*To do*: When you reach the line containing "Sea-pro T 40JS водомет" in the entries below, begin reproducing lines exactly, and stop once the line containing "Appartement F4 à" is done.

*Record excerpts*:

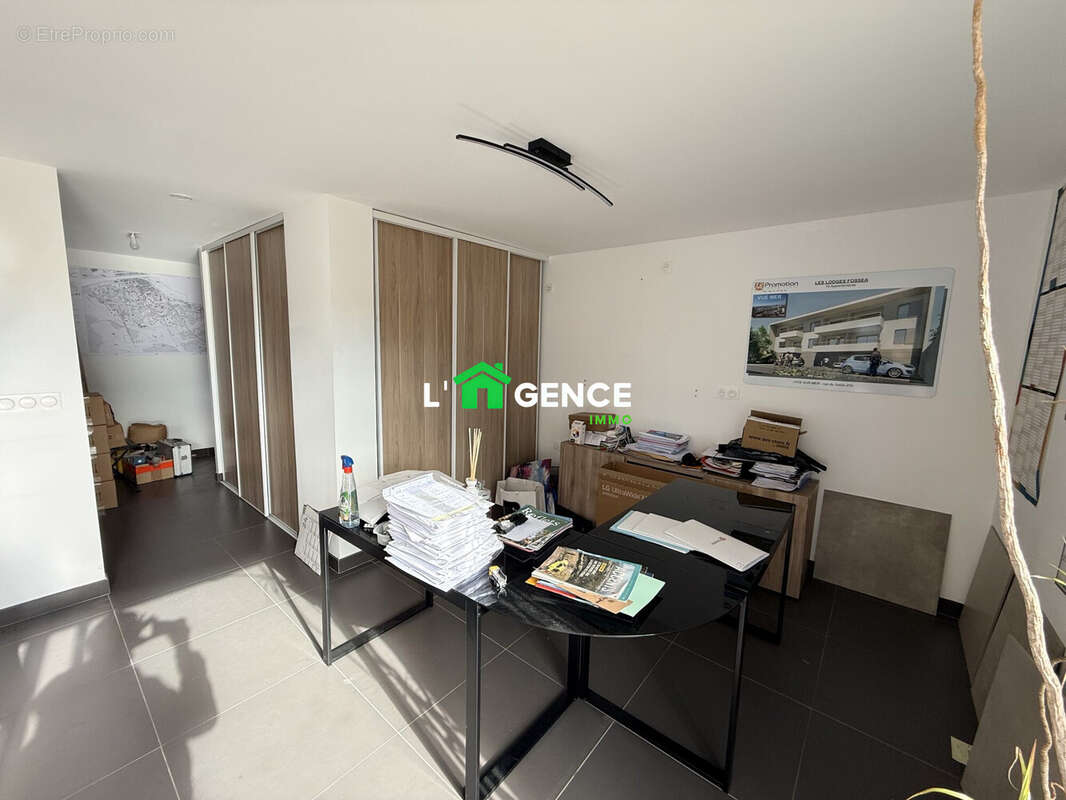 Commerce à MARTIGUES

--

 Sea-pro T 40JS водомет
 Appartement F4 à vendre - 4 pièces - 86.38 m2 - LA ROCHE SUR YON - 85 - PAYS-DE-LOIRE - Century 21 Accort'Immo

*Reply*:
 Sea-pro T 40JS водомет
 Appartement F4 à vendre - 4 pièces - 86.38 m2 - LA ROCHE SUR YON - 85 - PAYS-DE-LOIRE - Century 21 Accort'Immo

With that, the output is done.